» Exercise objective: Take the line containing "The cutter 'Blue" through the last line of the data and retype those lines exactly. Pictures do not belong in the copy.

» Provided records:

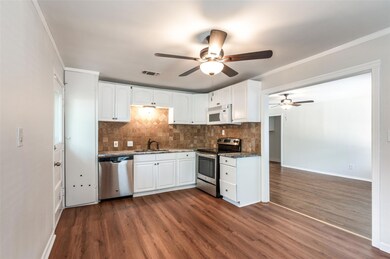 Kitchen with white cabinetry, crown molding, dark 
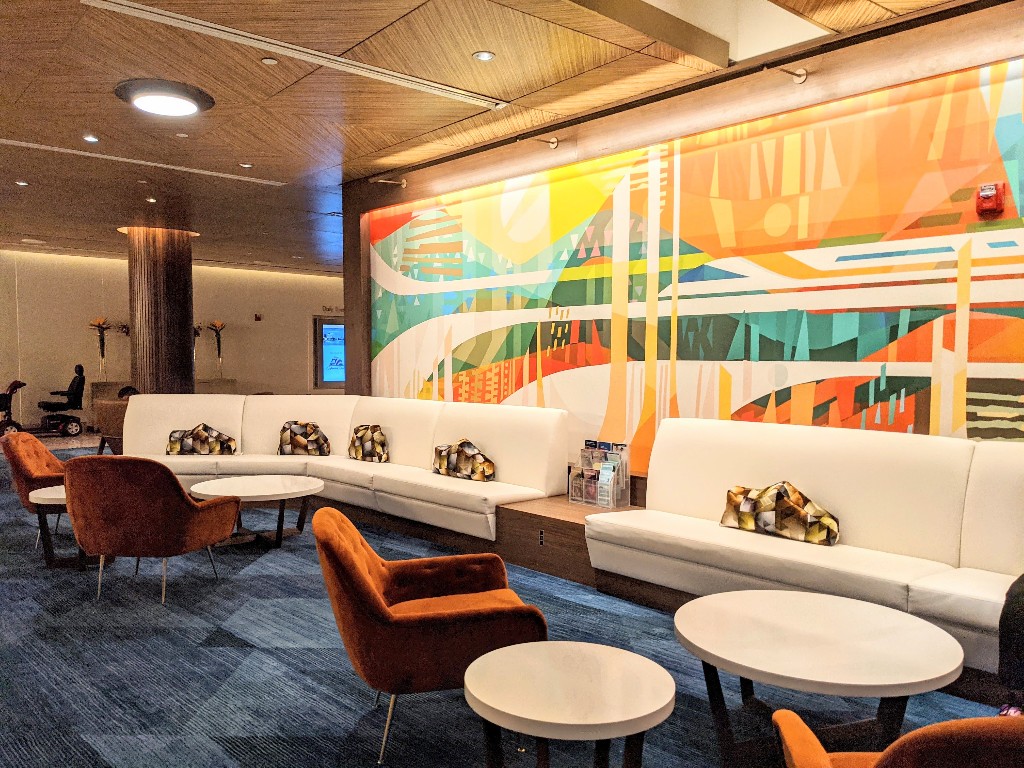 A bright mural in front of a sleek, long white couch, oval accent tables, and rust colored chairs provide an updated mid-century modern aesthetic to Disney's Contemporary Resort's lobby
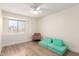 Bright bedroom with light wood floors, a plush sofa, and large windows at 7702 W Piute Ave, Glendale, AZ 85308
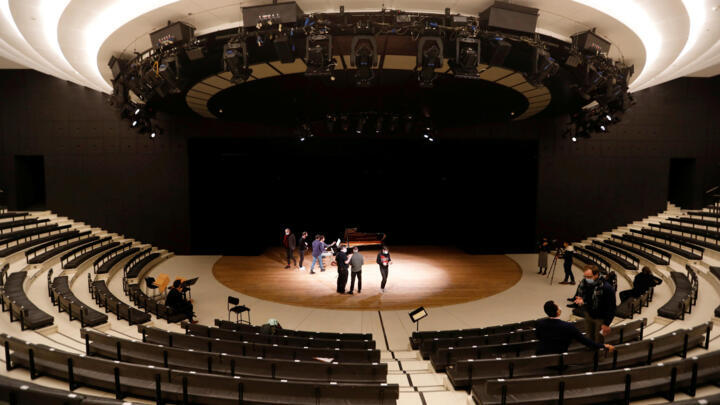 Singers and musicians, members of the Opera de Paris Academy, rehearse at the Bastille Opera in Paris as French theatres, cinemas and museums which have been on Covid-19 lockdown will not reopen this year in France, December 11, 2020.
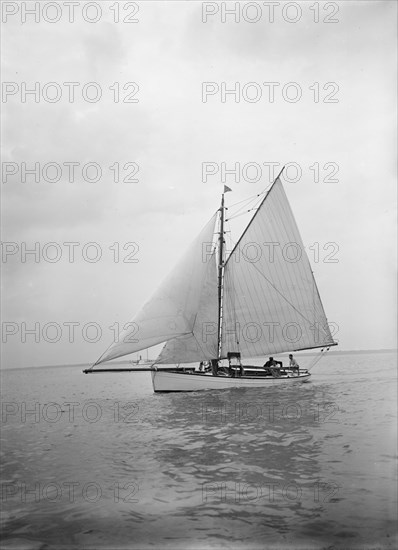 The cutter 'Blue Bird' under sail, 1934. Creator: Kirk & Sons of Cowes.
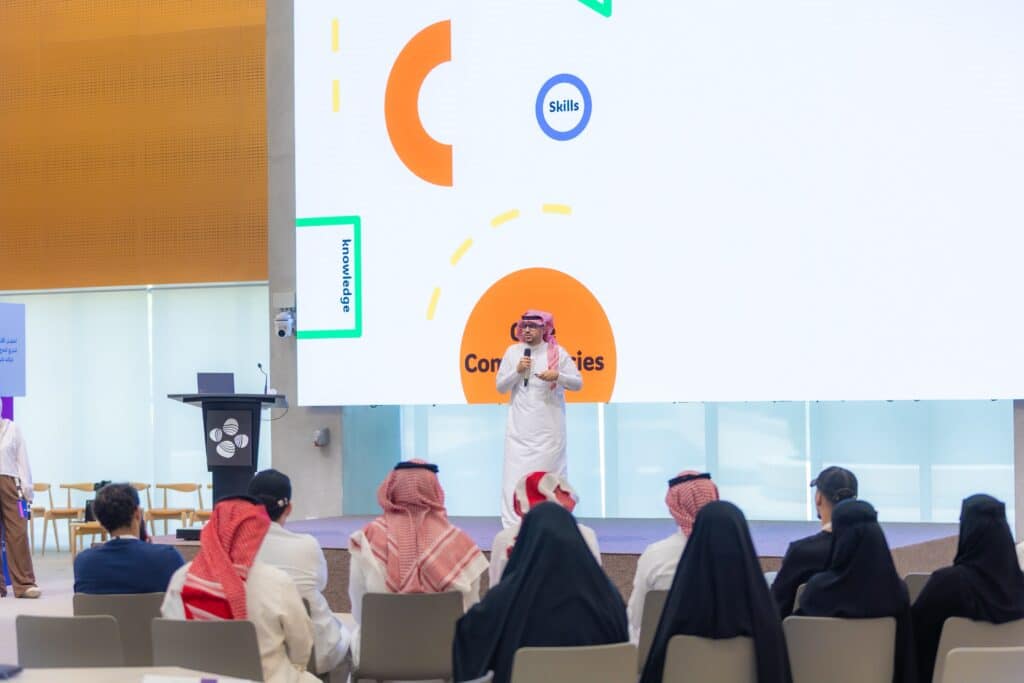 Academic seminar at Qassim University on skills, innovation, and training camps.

» Written answer:
 The cutter 'Blue Bird' under sail, 1934. Creator: Kirk & Sons of Cowes.
 Academic seminar at Qassim University on skills, innovation, and training camps.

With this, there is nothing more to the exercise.